Four former statesmen — Henry Kissinger, Sam Nunn, George Shultz and William Perry ’49 M.S. ’50 — addressed an audience of Stanford students on Friday on the prospects and challenges of global nuclear nonproliferation. The gathering marked the fourth conference held at Stanford by the four men, who have come to be known in their advocacy as the “Gang of Four.”
After a screening of “Nuclear Tipping Point,” a documentary produced by the Washington, D.C.-based Nuclear Security Project detailing the men’s efforts, the panel, moderated by Phil Taubman ‘70, took questions from the audience.
Asked what must be done in the U.S. to begin a process toward nuclear nonproliferation and disarmament, Perry said, “The first thing that needs to be done is the United States needs to ratify the New Start treaty.”
New Start was signed by President Obama and Russian President Medvedev in April as a follow-up to the 1991 START I treaty and the 1993 START II treaty between the two nations. If ratified, New Start would limit the nations’ nuclear weapons stockpiles to nearly two-thirds of their current sizes.
In Japan on Sunday, Obama told Medvedev the U.S. administration is committed to ratifying the treaty during the lame-duck session of Congress that begins this week.
Asked what actions, if any, the U.S. should take regarding the security of Pakistan’s nuclear arsenal — a common concern in the field of national security due to declared attempts by terrorist networks to obtain nuclear material — each of the four men had an answer.
“They have their nuclear weapons very well hidden and secured, to protect them not only from the Indians but also from the United States,” Perry said. He would not recommend a U.S. military operation in Pakistan to secure the weapons, he said.
“But we should do what we can to prevent a nuclear exchange in the Asian subcontinent,” Kissinger added. “This is not something we will observe quietly.”

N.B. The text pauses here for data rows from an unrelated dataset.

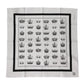 White Crown Cotton Square Foulard Scarf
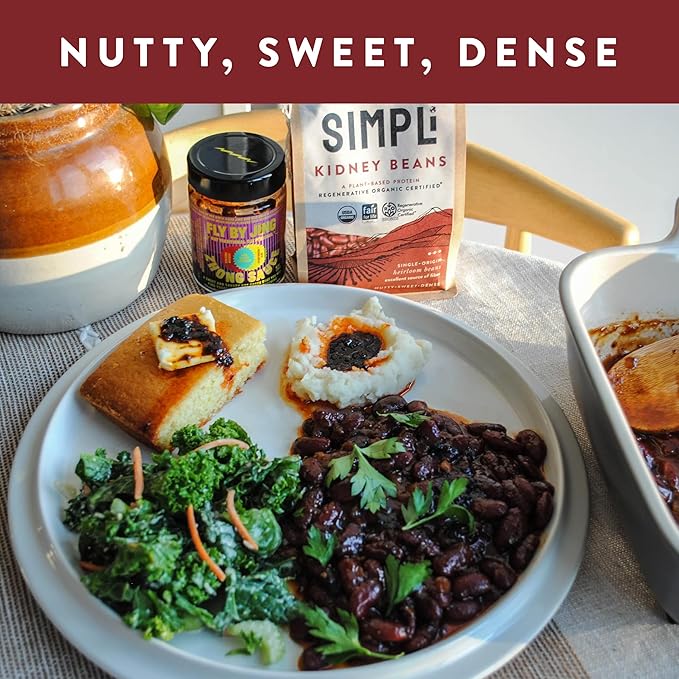 SIMPLi Regenerative Organic Certified Kidney Beans, Organic Red Kidney Beans High in Fiber and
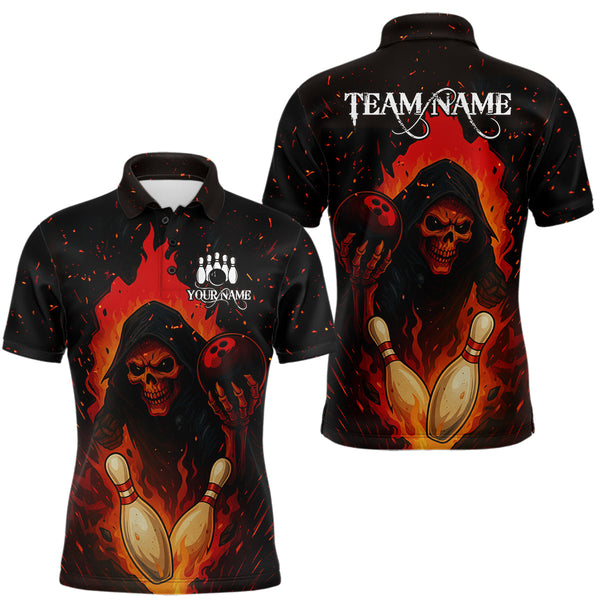 Maxcorners Black and Red Flame Skull Reaper Bowling Shirt For Men Custom Halloween Bowling Team Outfit Jerseys TU1609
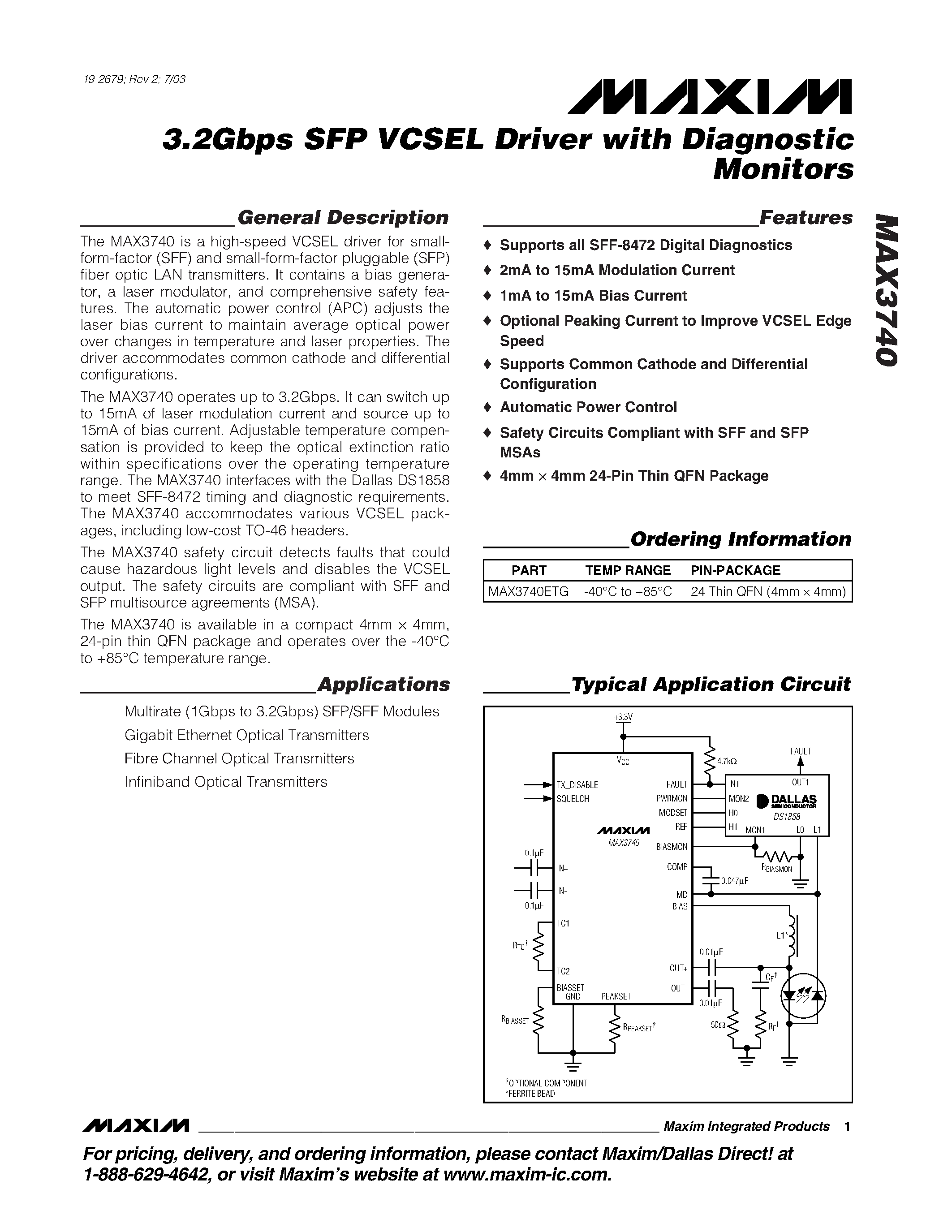 Datasheet MAX3740 - 3.2Gbps SFP VCSEL Driver with Diagnostic Monitors page 1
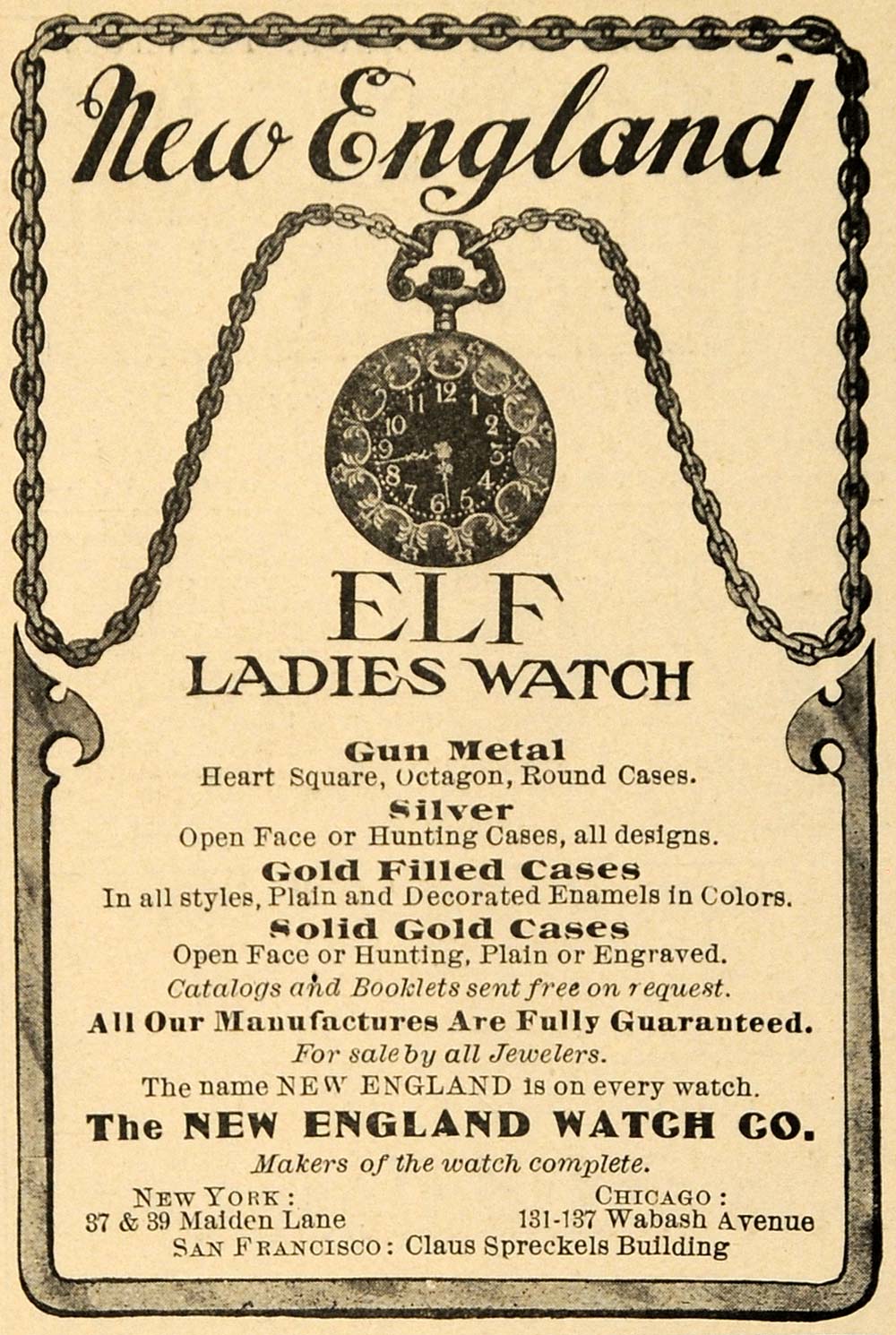 1903 Ad New England Elf Ladies Watch Silver Jewelry - ORIGINAL ADVERTISING TIN4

Shultz said the U.S. should engage India and Pakistan diplomatically and “regionalize” the answers. “Fortunately, India is less and less preoccupied with Pakistan and more aware of its global role,” he said.
Nunn said the U.S. should share with India and Pakistan lessons learned between the U.S. and Soviet Union during the Cold War.

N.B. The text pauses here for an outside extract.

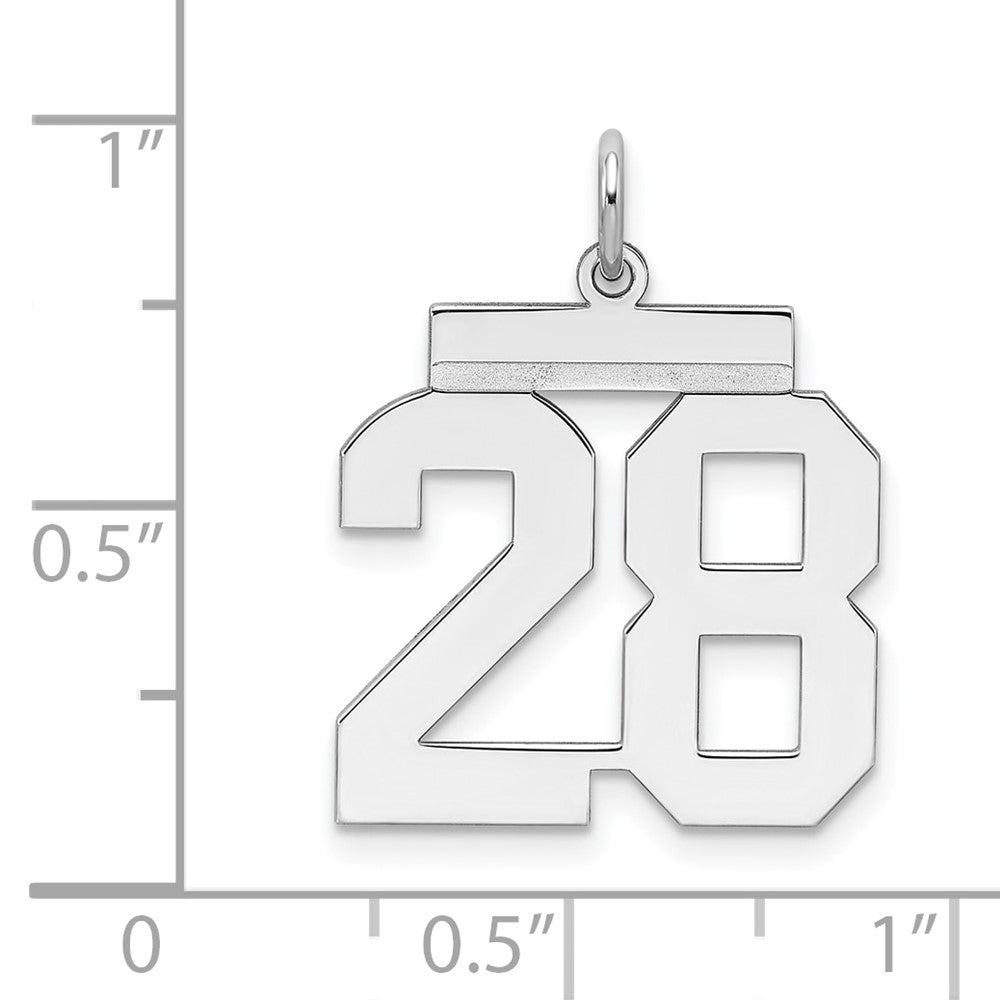 Sterling Silver/Rhodium-plated Polished Number 28 Charm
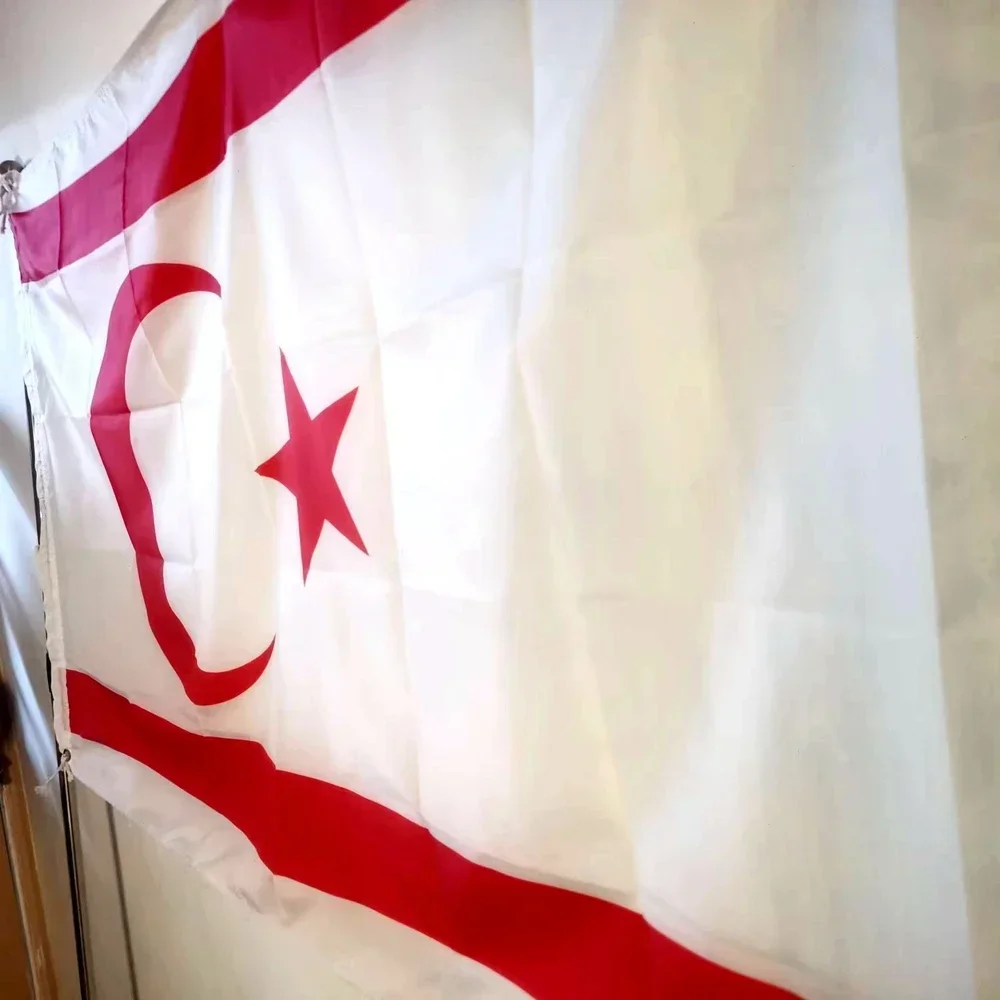 Northern Cyprus Polyester Flag Indoor Outdoor Home Decoration Durable Fade Resistant 90x150cm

Asked what Stanford students can do to promote nuclear nonproliferation, Perry returned to the current legislative prospects: New Start and the Comprehensive Test Ban Treaty. The latter was signed by the U.S. in 1996, but its ratification is stalled in the Senate.
“If they fail to be ratified, it will be because the American public doesn’t understand them,” said Perry, who suggested that students show “Nuclear Tipping Point,” the documentary, to their friends to spread awareness of the threat posed by nuclear weapons.

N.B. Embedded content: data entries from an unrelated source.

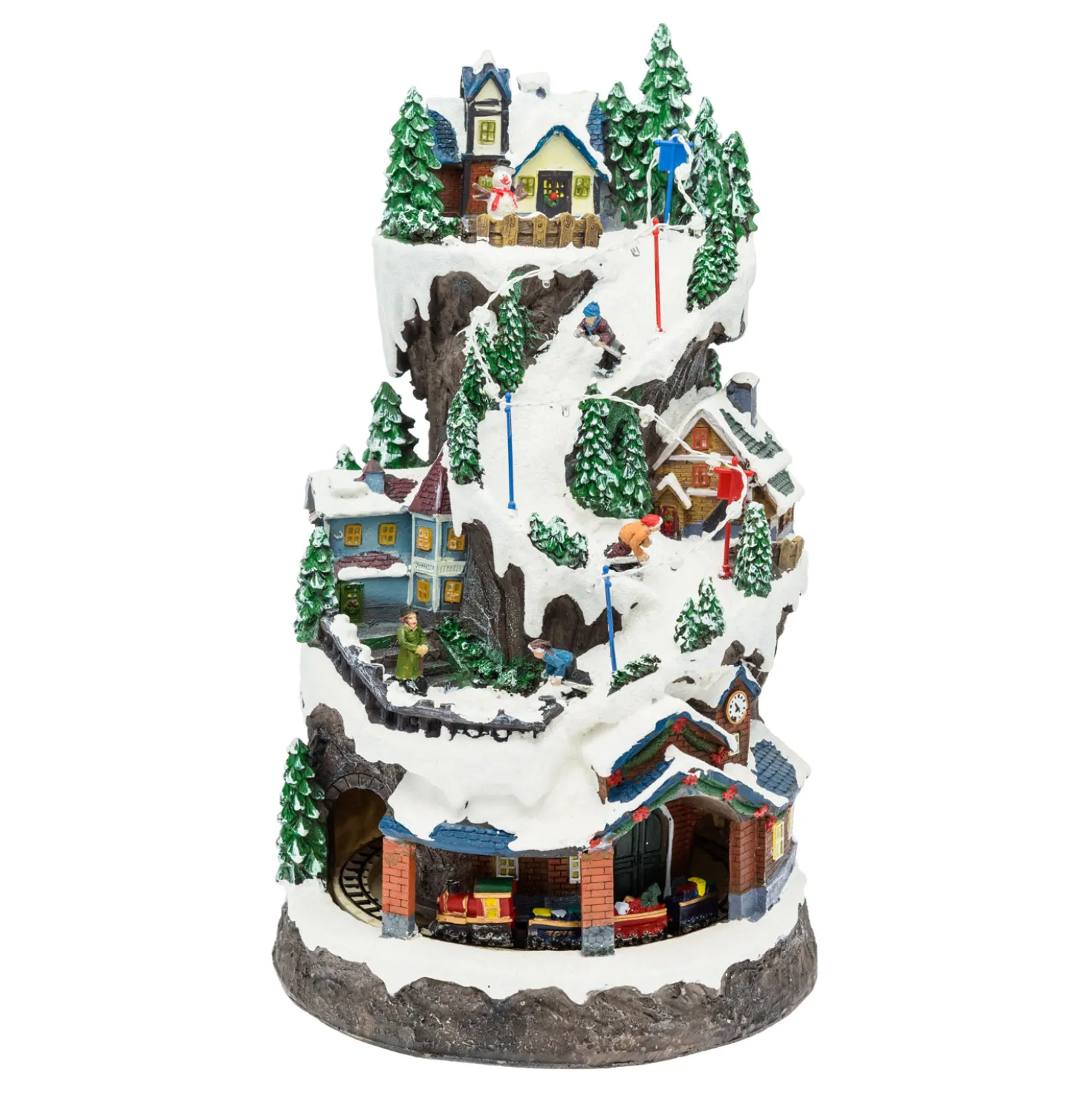 Villaggio Innevato con Sciatori, Trenino in Galleria in movimento in Polyresina, h 38 cm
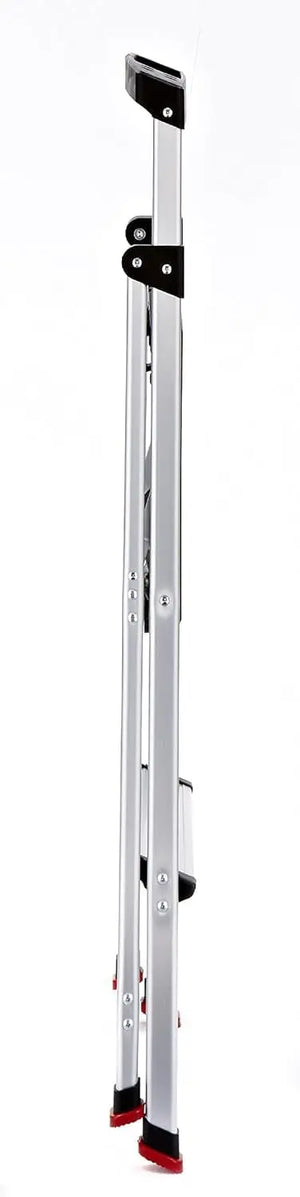 2-Step Lightweight Aluminum Step Stool with Project Top Anti-Slip Step Ladder 225 lb Capacity Silver Finish - jnpworldwide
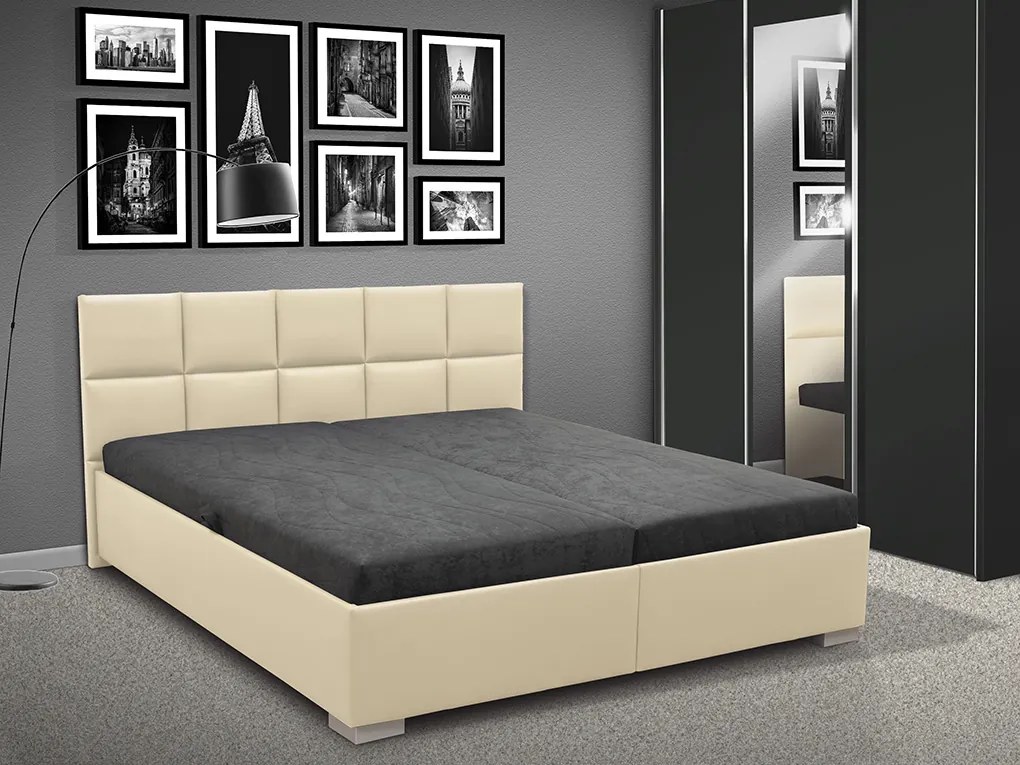 Čalúnená posteľ s úložným priestorom LUXOR 180 eko koža: šedá, peľasť / matrac: BOXSPRING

Shultz led the organization of three previous conferences at Stanford on the men’s cause. The first was held at the Hoover Institution in October 2006 on the 20th anniversary of the summit in Reykjavik, Iceland, between Presidents Reagan and Gorbachev. (As Secretary of State, Shultz sat next to Reagan there.) The following two meetings were held in October 2007 and September 2009.